Ade Armando Singgung Politik Dinasti: Dinilai sebagai Argumen Defensif hingga Terancam Sanksi PSI

Pernyataan politikus Partai Solidaritas Indonesia (PSI), Ade Armando, terkait politik dinasti di Yogyakarta menimbulkan polemik.

Penulis: Muhamad Deni Setiawan
Editor: Garudea Prabawati
zoom-in Ade Armando Singgung Politik Dinasti: Dinilai sebagai Argumen Defensif hingga Terancam Sanksi PSI
Mario Christian Suamampow
Kader PSI Ade Armando ditemui di Kantor DPP PSI Jakarta, Selasa (11/4/2023). Pernyataan politikus Partai Solidaritas Indonesia (PSI), Ade Armando, terkait politik dinasti di Yogyakarta menimbulkan polemik. 

TRIBUNNEWS.COM - Pernyataan politikus Partai Solidaritas Indonesia (PSI), Ade Armando, terkait politik dinasti di Yogyakarta menimbulkan polemik.

Pernyataan itu pun telah mendapatkan tanggapan dari pakar politik Universitas Gadjah Mada (UGM), Arya Budi.

Selain itu, akibat pendapatnya tersebut, Ade Armando terancam mendapatkan sanksi dari PSI.

Baca juga: Singgung Politik Dinasti, Ade Armando Bakal Dapat Sanksi dari PSI

Argumen Defensif

Menurut Arya, apa yang dilontarkan Ade merupakan argumen defensif untuk membela pasangan calon presiden (capres) dan calon wakil presiden (cawapres) yang didukungnya, yaitu Prabowo Subianto-Gibran Rakabuming Raka.

"Saya pikir dia tahu apa yang disampaikannya, apalagi background dia akademisi sebelum jadi politisi," ujar Arya saat dihubungi, Senin (4/12/2023), dikutip dari TribunJogja.com.

"Dia ingin menyampaikan bahwa ada politik dinasti yang sedang bekerja dan dilembagakan tidak usah jauh-jauh ke istana. Intinya kan dia ingin membela capres-cawapres yang diusung."

Berita Rekomendasi

"Karena dia mengusung Prabowo-Gibran yang sangat kencang nuansa dinastinya, saya kira itu pesan sebagai argumen defensif atas pencalonan pen-cawapres-an Gibran, bukan dia (Ade Armando) tidak tahu soal Jogja," jelasnya.
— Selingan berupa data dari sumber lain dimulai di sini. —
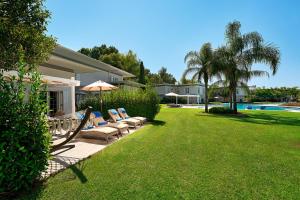 a yard with chairs and an umbrella and a pool at Azure Villas By Cornelia in Belek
Arya melanjutkan, pernyataan yang dilontarkan Ade Armando juga bukanlah isu yang baru.

Apalagi UU tentang Keistimewaan Daerah Istimewa Yogyakarta (DIY) telah disahkan sejak 2012 lalu.
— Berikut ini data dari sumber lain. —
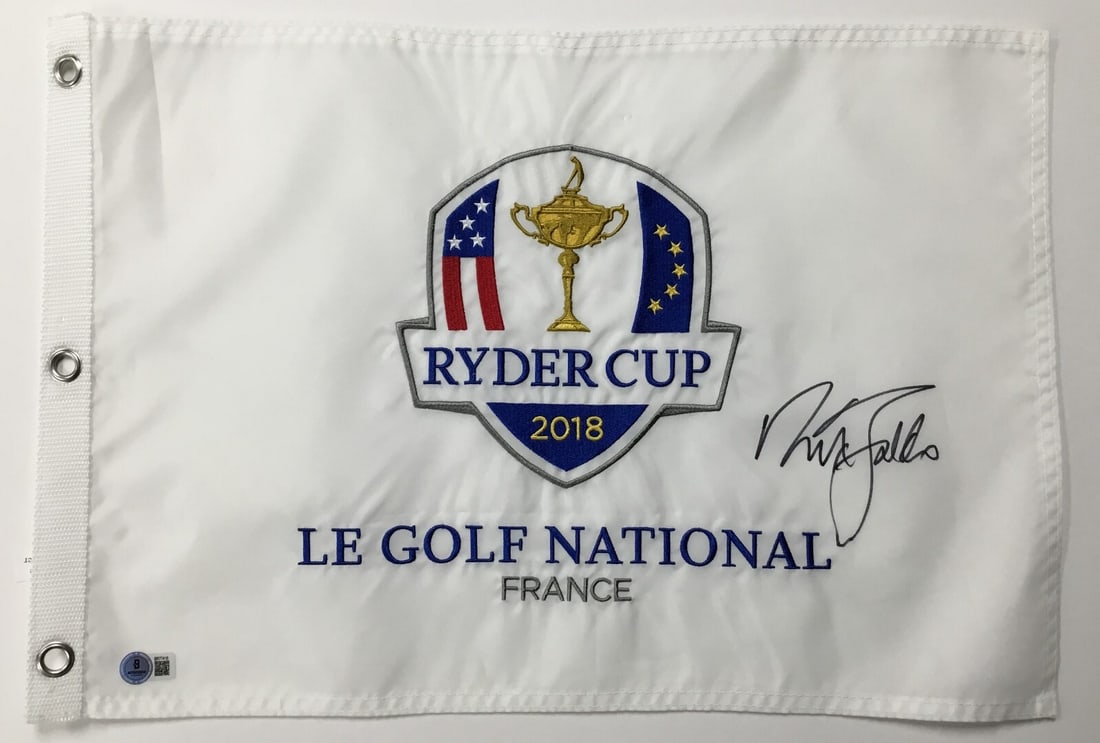 Nick Faldo Signed 2018 Ryder Cup Flag Beckett Authenticated: Nick Faldo Signed 2018 Ryder Cup Flag Beckett Authenticated Celebrate the legacy of golf with this official 2018 Ryder Cup Le Golf National pin flag, beautifully signed by PGA legend Nick Faldo. This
Pihaknya pun pernah membuat sebuah riset yang dipublikasikan di jurnal internasional dengan judul 'Obedient Liberals Monarchy Enclave in Yogyakarta'.
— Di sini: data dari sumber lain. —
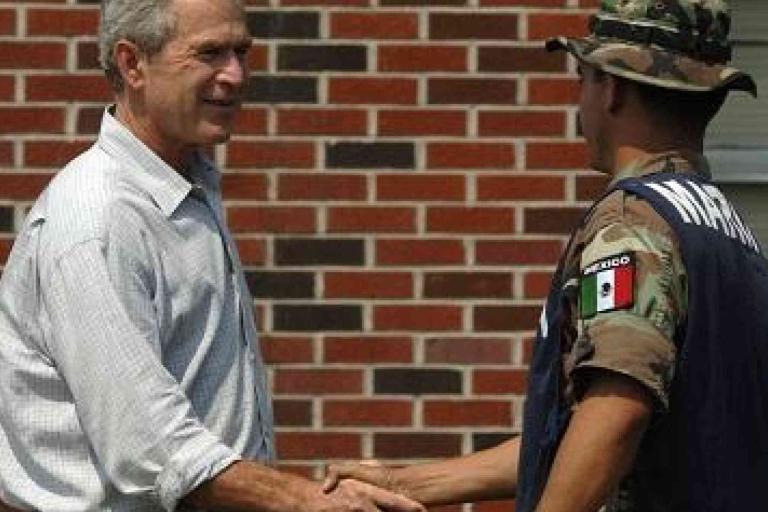 A man in a light shirt shakes hands with a uniformed soldier wearing a helmet and a vest labeled "MARINA" with a Mexican flag patch, in front of a brick wall.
Pegiat media sosial, Ade Armando.
Pegiat media sosial, Ade Armando. (Kompas.com/Sabrina Asril)

"Berdasar riset tersebut, di atas 70 persen masyarakat DIY menyetujui dengan model pemerintahan di Jogja, yakni pemerintahan itu ditetapkan bukan dipilih. Jadi hanya sekitar 25 persen yang menyatakan tidak setuju."

"Banyak faktornya yang kemudian saya sebut masyarakat Jogja obedient in liberal, jadi sebenarnya bukan hanya konsensus elite, tapi ternyata publiknya juga setuju dengan sirkulasi kekuasaan yang turun temurun karena angkanya cukup besar," terang Arya.

Obedient liberal, kata Arya, ialah orang-orang yang berpandangan liberal, tetapi patuh atau bangga terhadap sistem kekuasaan yang bekerja di Jogja.

"Mereka setuju dengan ide elektoral, tapi di satu sisi mereka bangga dengan Jogja, ada akar sejarah yang tinggi dan memandang bahwa kekuasaan yang dikerjakan secara turun temurun itu jadi salah satu 'warisan' politik yang terus dijaga sehingga saya menyebutnya dengan obedient liberal."

"Sistem di Jogja bukan hanya konsensus atau kesepakatan elite, tapi warganya juga ternyata demikian, dalam tanda petik hati-hati dalam mengkritik Jogja karena bisa jadi yang dihadapi bukan hanya orang Keraton, tapi juga cukup banyak warga di Jogja," lanjutnya.

Terancam Sanksi dari PSI

Sementara itu, Wakil Ketua Dewan Pembina PSI, Grace Natalie, menyayangkan opini Ade Armando soal politik dinasti di Yogyakarta.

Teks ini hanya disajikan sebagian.